From the Guidelines
External Traumatic Abrasions or Puncture wounds (ETAP) and conditions requiring sutures can result from various etiological factors, including sharp object injuries, blunt force trauma, animal or human bites, machinery accidents, and projectile injuries, with the most recent evidence suggesting that occupational hazards and recreational activities are significant contributors to these injuries 1.
Etiological Factors
The possible etiological factors for ETAP or conditions requiring sutures include:
- Sharp object injuries (knives, glass, metal edges)
- Blunt force trauma (falls, sports injuries, vehicle accidents)
- Animal or human bites
- Machinery accidents
- Projectile injuries
- Environmental factors like road surfaces during falls or accidents
- Occupational hazards in construction, manufacturing, and agriculture
- Recreational activities and sports, particularly contact sports or those involving equipment like skateboards or bicycles
- Assault or violence
Management and Treatment
When treating these wounds, thorough cleaning with saline or mild antiseptic solutions is essential before considering closure methods. Tetanus prophylaxis should be administered if the patient's immunization status is outdated (typically a Tdap booster if more than 5 years since last dose) 1. Deep or contaminated wounds may require prophylactic antibiotics such as amoxicillin-clavulanate (875/125 mg twice daily for 5-7 days) or, in case of penicillin allergy, clindamycin (300-450 mg four times daily) 1.
Prevention of Infection and Promotion of Healing
These injuries require prompt medical attention to prevent infection, ensure proper healing, and minimize scarring. The use of advanced wound therapy, such as negative-pressure wound therapy, growth factors, bioengineered tissue, and stem cell therapy, may be necessary for chronic or complex wounds 1. It is essential to follow the five basic principles of ulcer treatment, including offloading of plantar ulcerations, debridement of necrotic tissue, revascularization of ischemic wounds, management of infection, and use of physiologic, topical dressings 1.
From the Research
Possible Etiological Factors for ETAP or Stitches
The possible etiological factors for External Traumatic Abrasions or Puncture wounds (ETAP) or conditions requiring sutures (stitches) can be categorized into several factors, including:
- Nutritional factors: Malnutrition may alter the inflammatory response, collagen synthesis, and wound tensile strength, all of which are crucial for wound healing 2.
- Exercise-related factors: Exercise-related transient abdominal pain (ETAP), commonly referred to as 'stitch', is an ailment well known in many sporting activities, especially those that involve repetitive torso movement with the torso in an extended position, such as running and horse riding 3.

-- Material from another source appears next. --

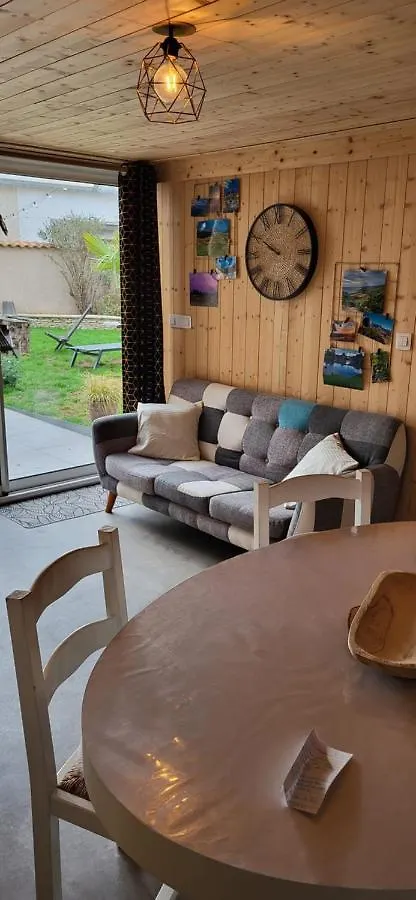 Chalet Zen Avec Son Jacuzzi Et Jardin Villa Pont-du-Chateau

- Physiological factors: Several theories have been presented to explain the mechanism responsible for the pain, including ischemia of the diaphragm; stress on the supportive visceral ligaments that attach the abdominal organs to the diaphragm; gastrointestinal ischemia or distension; cramping of the abdominal musculature; ischemic pain resulting from compression of the celiac artery by the median arcuate ligament; aggravation of the spinal nerves; and irritation of the parietal peritoneum 3.
- Wound-type specific factors: Different wound types, such as burn wounds, pressure ulcers, diabetic ulcers, venous ulcers, and hypertrophic scars, may have specific etiological factors and require different nutritional interventions 4.
Wound Healing and Nutrition
Nutrition plays a crucial role in wound healing, and nutritional deficiencies can impair the healing process 2, 4. The use of specific nutritional interventions, such as vitamin and mineral supplementation, may improve the outcome of certain wound types 4.
Exercise-Related Transient Abdominal Pain (ETAP)
ETAP is a common condition that affects many athletes, and its etiology remains to be fully elucidated 3, 5. Several theories have been proposed to explain the mechanism responsible for the pain, including irritation of the parietal peritoneum, ischemia of the diaphragm, and stress on the supportive visceral ligaments 3. Strategies for managing the pain are largely anecdotal, and further investigations are required to fully understand the condition and develop effective prevention and treatment strategies 3, 5.